2. Make water pretty. Water should not be pink, blue, purple, or any other color. Make the water pretty by adding fresh fruits or these awesome fruit cubes!
3. Make water portable. Since my kids were young, they’ve carried their own stainless steel water bottle everywhere they went. This is something that I do as well, and it sets a reminder for everyone to drink throughout the day.
Understanding the healthy drink recommendations for our children is essential so that we can help them at a young age establish healthy habits.
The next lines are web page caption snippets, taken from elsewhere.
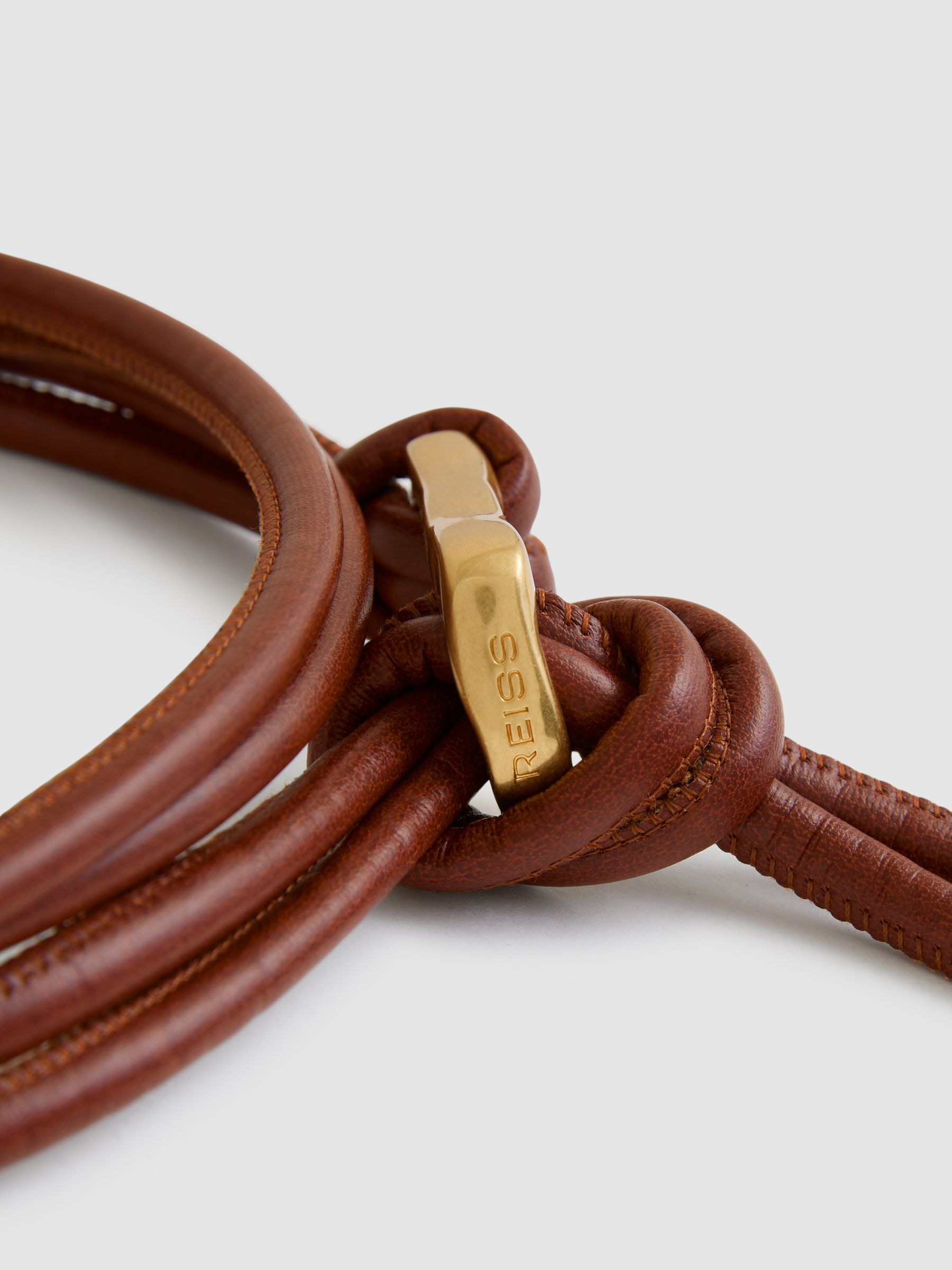Sculpted Buckle Tubular Tie Belt in Tan - Image 4 of 4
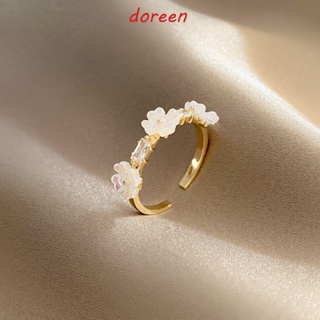 Doreen แหวน รูปดอกกุหลาบ ประดับเพชรเทียม สไตล์เกาหลี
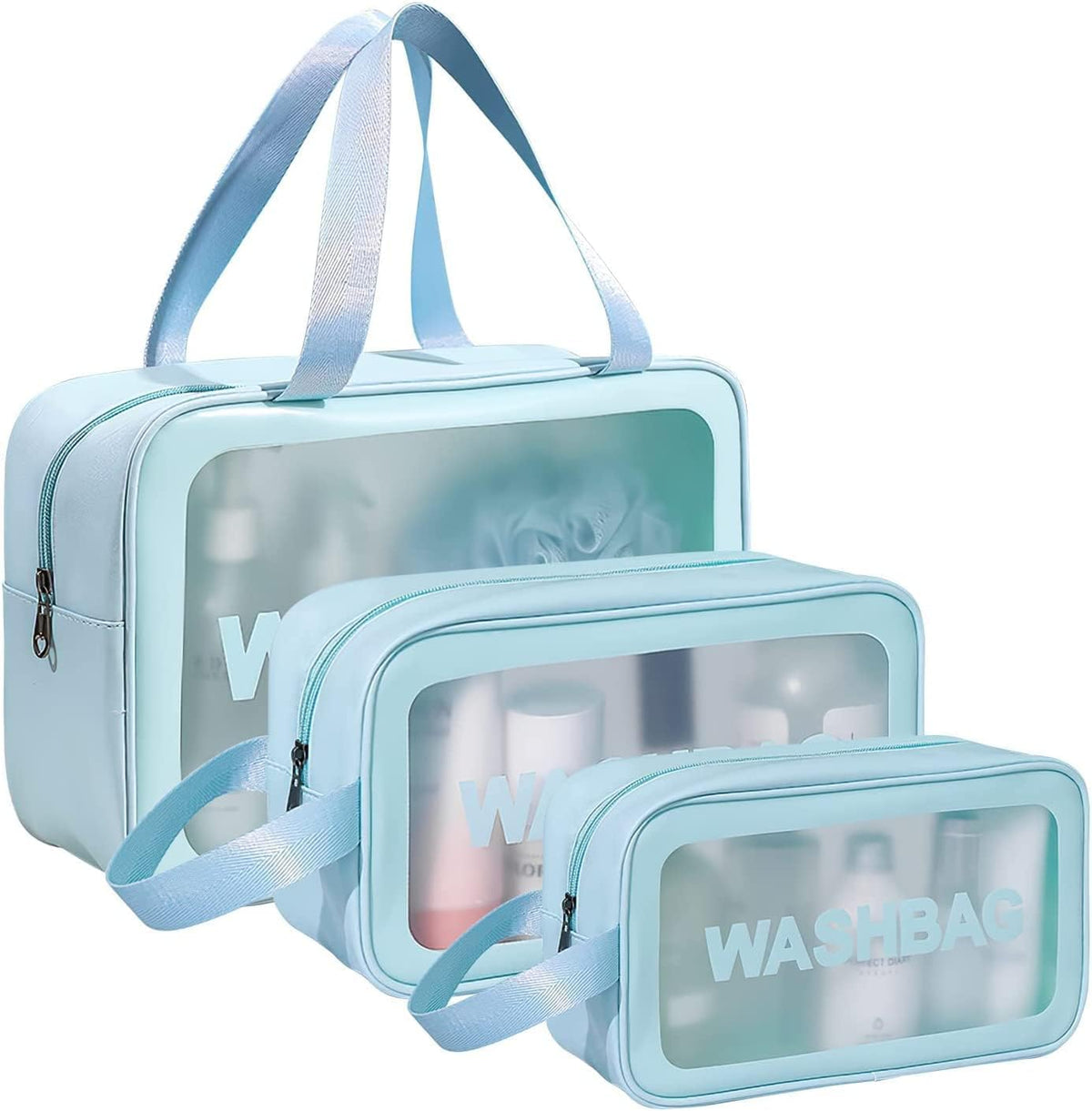 Wash Bag Pouch for Travel Kit Toiletry Bag Cosmetic Bag Make Up Box for Brushes,Accessories with Handle,Large Capacity Translucent Waterproof Travel Storage Organizer Set of 3(Sky Blue)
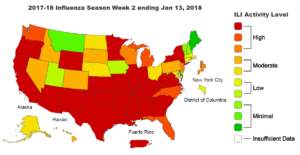 Influenza-like illness cases through Jan. 13, 2018 (Source: Center for Disease Control)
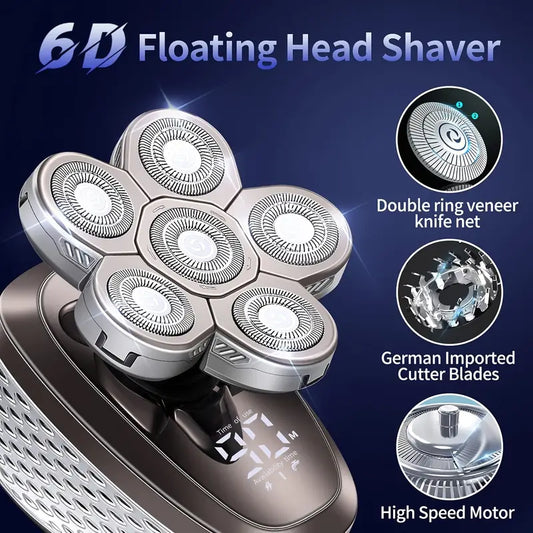 5-in-1 Waterproof Electric Razor for Bald Men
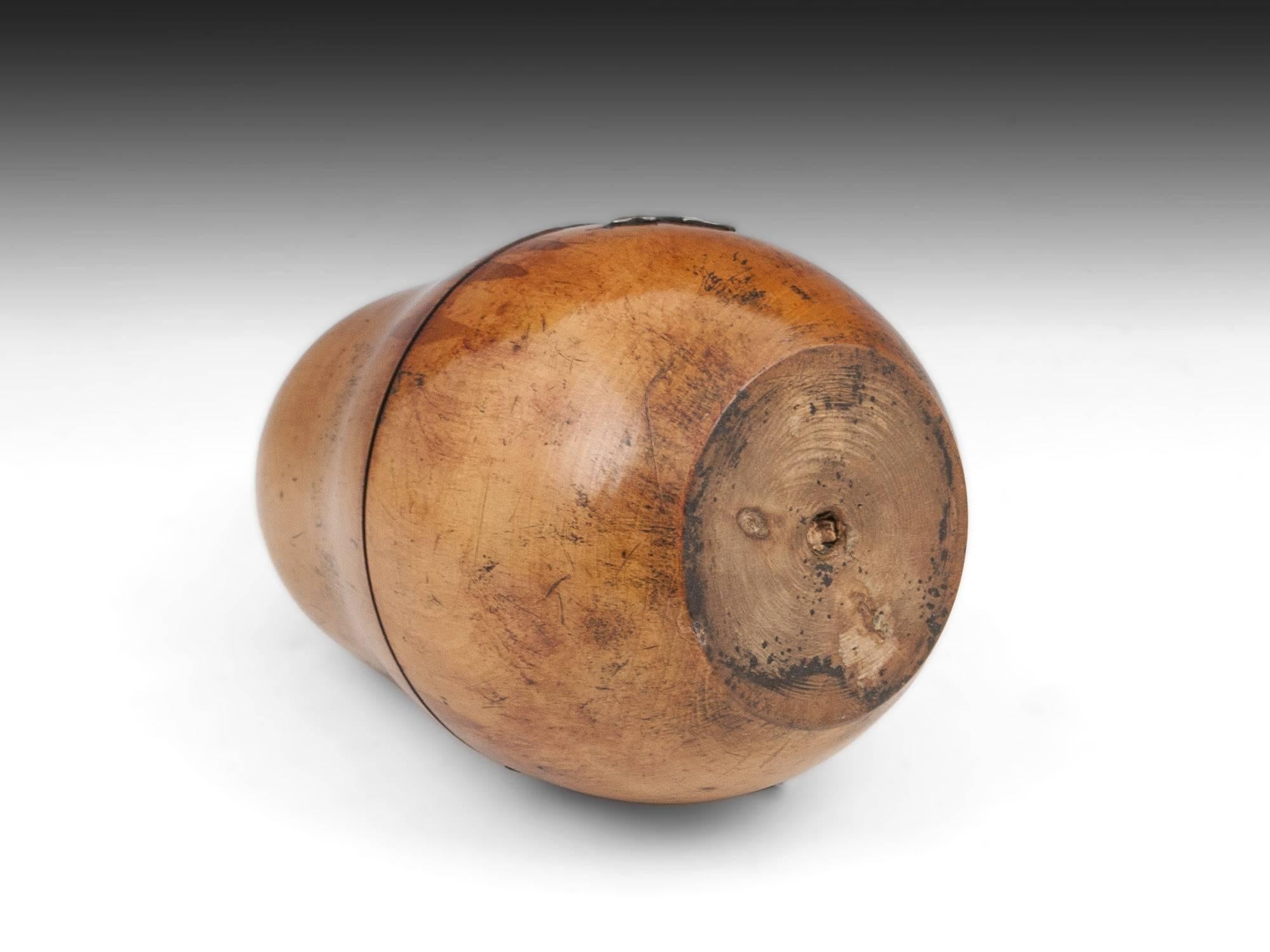 Antique Fruit Wood Treen Pear Tea Caddy, Early 19th Century 4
Years ago, our feeding therapist suggested I offered my son, who was 3 at the time, water each time he asked for a snack. After his thirst was quenched, I would ask him “are you still hungry?” Oftentimes it was a clear “no” and it was thirst all along -especially times where he had eaten a snack not long before.
Getting our kids to reduce their added sugars is a great first step towards their health which is why understanding the drink recommendations is important since many of these added sugars are hiding in these drinks.
I’m happy that today there are organizations like Healthy Eating Research that make it a priority to unite experts and share one clear message to all of us parents.For more information on the research, how you can visit HealthyDrinksHealthyKids.org.
As always, consult with your health care provider about your child’s individual needs (specific diets, allergies, intolerances, etc).